I’ll pass your comments on to them

cheers

Wayne

Hey again Wayne!

Great question on balancing local diets for dairy goats! I have heard this need repeatedly from the network. There are a lot of feed balancing calculators out there (some free, some cost money), but most of them focus on meals and/or don’t focus on forages which is what most of our network depends on. If you only have a few ingredients, or are meal-focused, here’s a link to a list of resources to filter through to see what is appropriate for your feed! If you are mostly feeding forage - see below.

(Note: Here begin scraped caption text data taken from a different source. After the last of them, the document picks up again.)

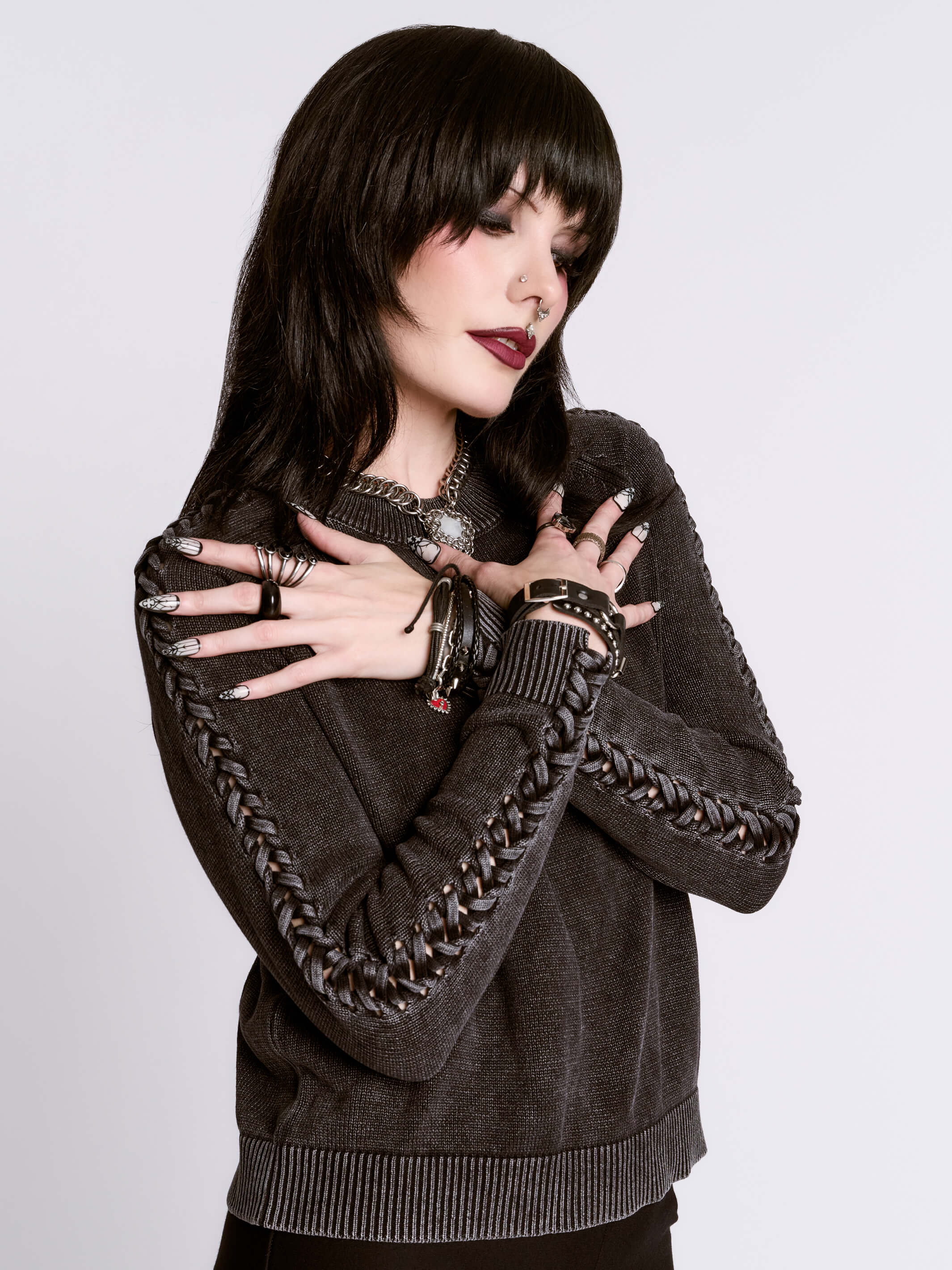 distressed braided sweater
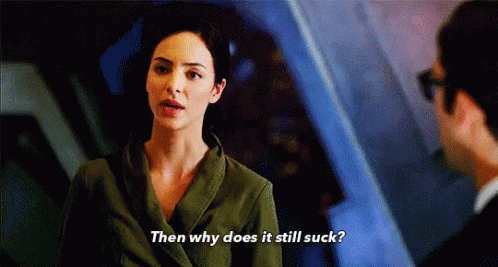 A Woman In A Green Jacket Is Talking To A Man And Says Then Why Does It Still Suck GIF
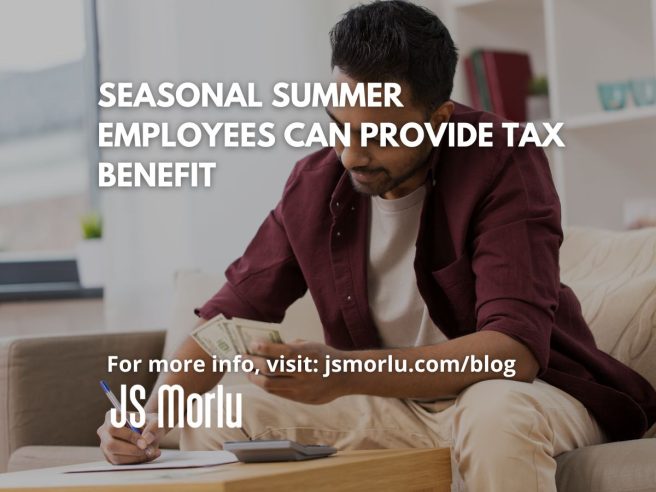 Man sitting at desk, writing on paper and holding cash - Tax benefit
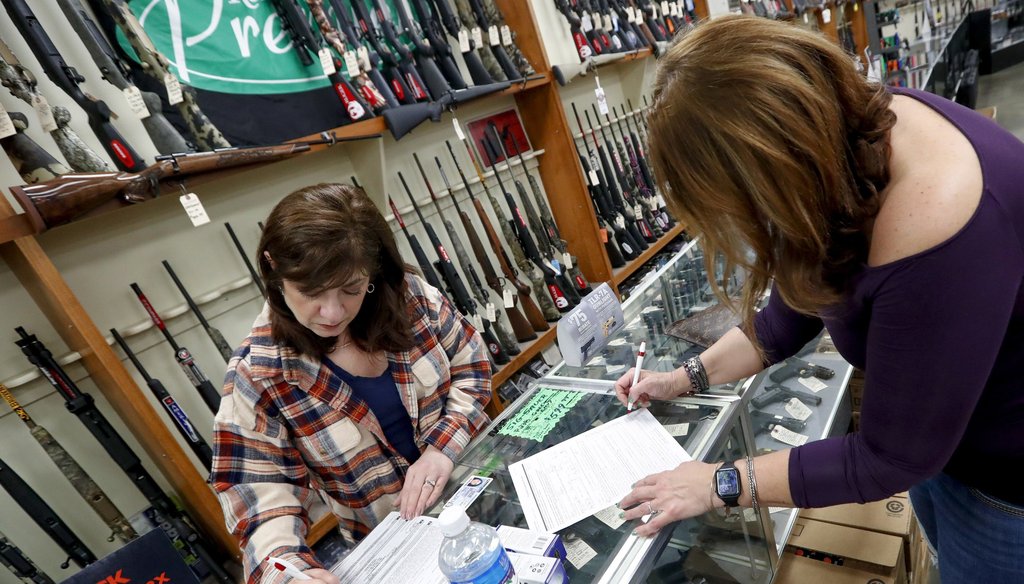 Andrea Schry, right, fills out the buyer part of legal forms to buy a handgun as shop worker Missy Morosky fills out the rest at Dukes Sport Shop in New Castle, Pa. (AP Photo/Keith Srakocic)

Here’s an intro article about feed options for ruminants in the tropics by Keith Mikkelson who has a lot of experience in on-farm feed generation and works in the Philippines. He included some nutritional tables, interesting tips, and ideas.

I’ve been slowly working alongside a partner at our East Africa office to gathering nutritional data from primary literature to create a forage-based feed calculator. It is by no means ready yet, but I can absolutely try to use it to balance your feed for you to get you a place to start from. I would need the following information:

  • number of animals
  • type of animal (I’m going to assume dairy goat)
  • feed ingredients (both meals/grains and forages you often feed. I have a list of over 100, but will quickly try to find any that you feed that I don’t have)
  • how long one batch of feed lasts (or what you want it to last). Do you forage and feed daily? or do you want to calculate on a weekly basis?

Feel free to email me if that’s easier. My email is sswartz@echonet.org

If someone already knows of a tropical-foraged, tropical-breed based feed calculator, please share it! You will save me a lot of time and effort

Just a heads up. I have been told by farmers in Belize not to introduce tobacco to a farm or garden as it can contain other contaminates that can introduce other infections. Not so sure about tabacco tea however.
Cheers!

that might be tobacco mosaic virus that as far as I know only affects similar Solonacae - tomatoes, potatoes, aubergine - if so, yes it’s a risk, tho a low one especially if indoors (polytunnel etc. with overhead watering)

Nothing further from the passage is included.